▶ Exercise prompt:
Your task is to transcribe exactly, and only, the lines running from the one with "Villa Luxury Sacrofano Rm" to the end of the listing below, inclusive, with every picture left out.

= Beginning of Section =

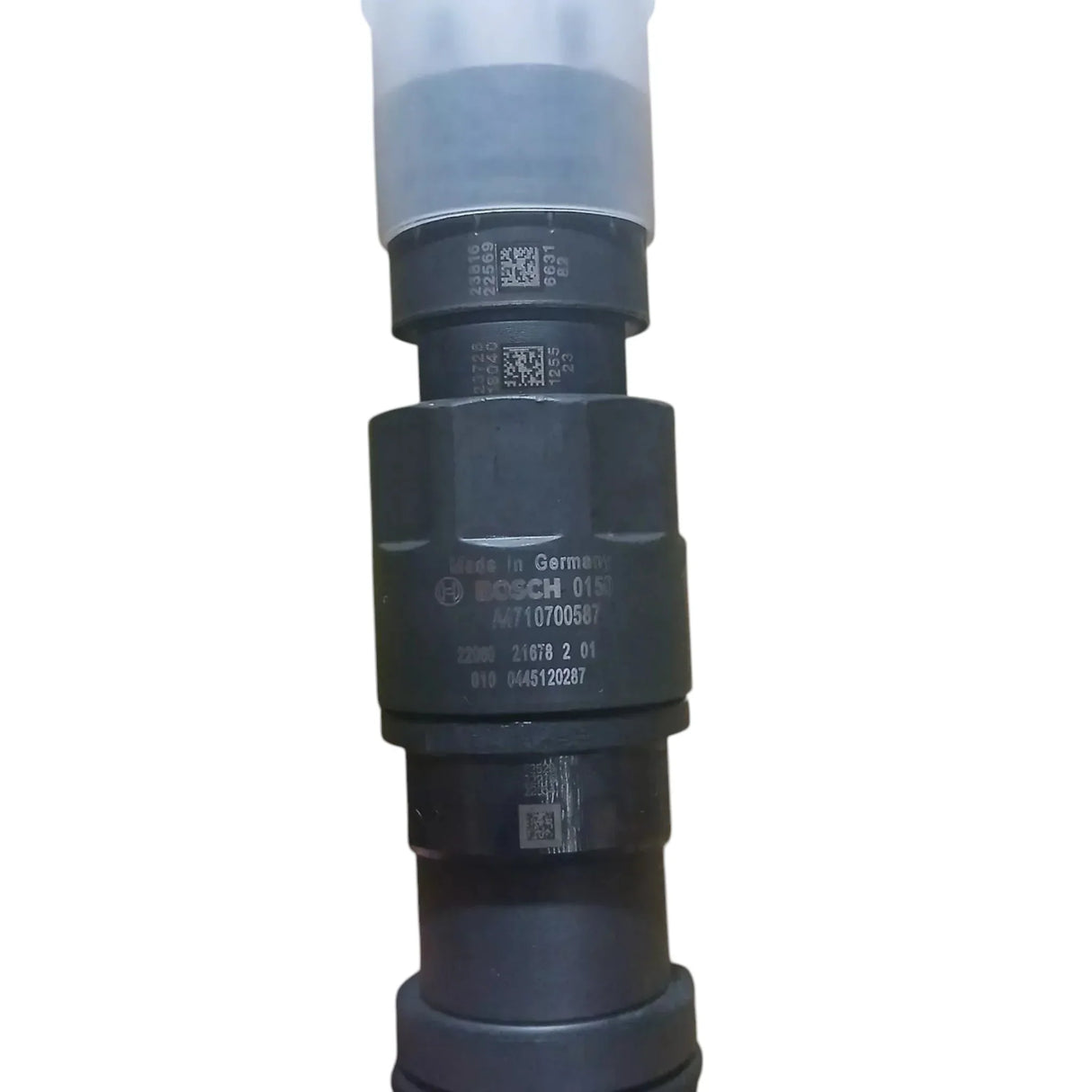 0445120287 Genuine Bosch Fuel Injector - Truck To Trailer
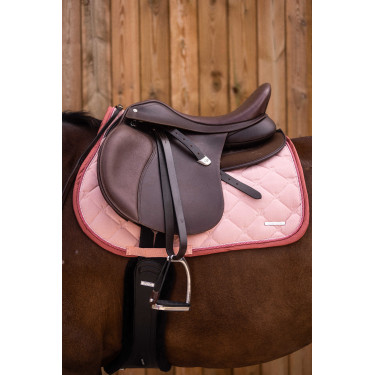 Tapis de selle Lami-Cell Vibe Rose Tapis de selle Lami-Cell Vibe Rose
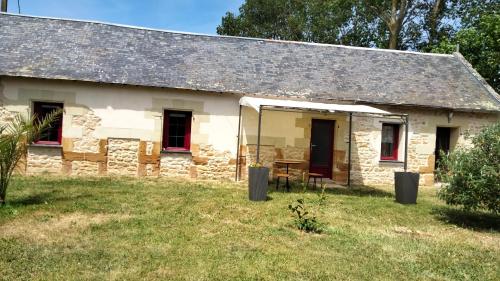 Gîte de l'Octroy Poitou Oiron france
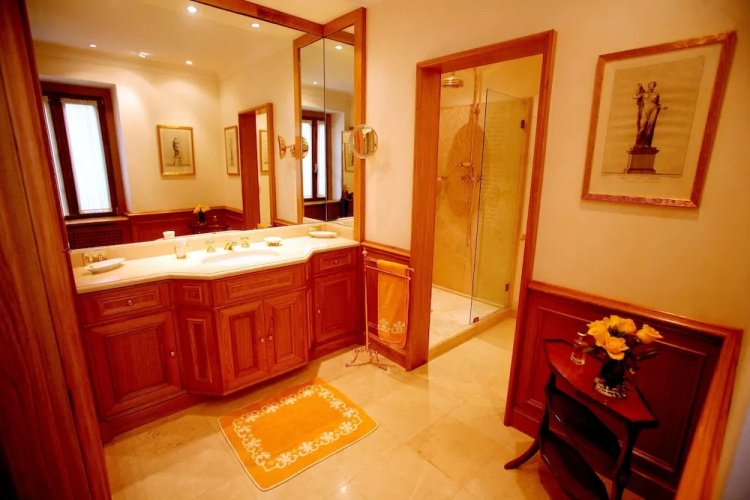 Villa Luxury Sacrofano Rm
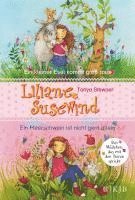 bokomslag Liliane Susewind. Ein kleiner Esel kommt groß raus & Ein Meerschwein ist nicht gern allein. (Doppelband 1 & 2 für jüngere Leser)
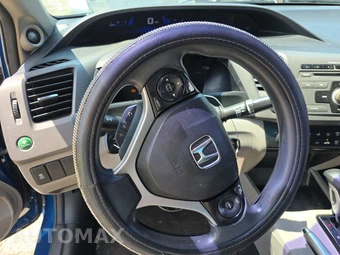 2012 Honda Civic Coupe EX - miniatura 10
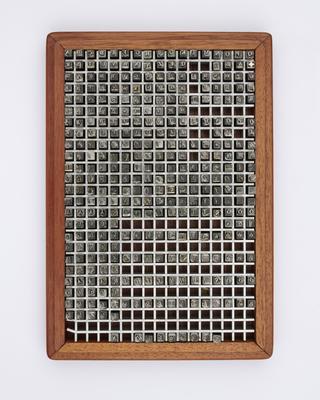 0.2 inch composition punches for Times New Roman Wide (typeface series number: 427)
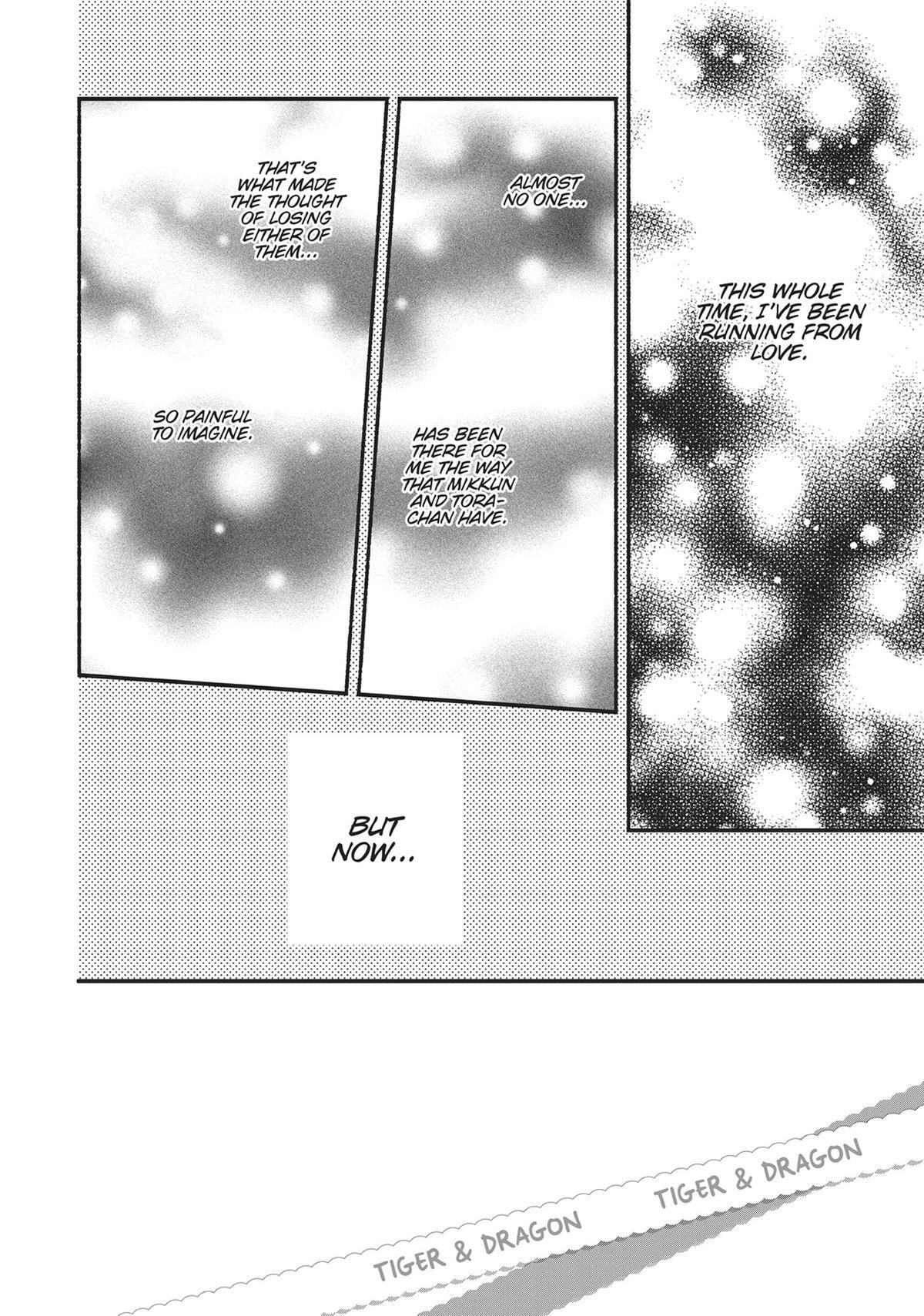 Read Tiger & Dragon Manga Online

= End of Section =

▶ Solution:
 Villa Luxury Sacrofano Rm
 bokomslag Liliane Susewind. Ein kleiner Esel kommt groß raus & Ein Meerschwein ist nicht gern allein. (Doppelband 1 & 2 für jüngere Leser)
 2012 Honda Civic Coupe EX - miniatura 10
 0.2 inch composition punches for Times New Roman Wide (typeface series number: 427)
 Read Tiger & Dragon Manga Online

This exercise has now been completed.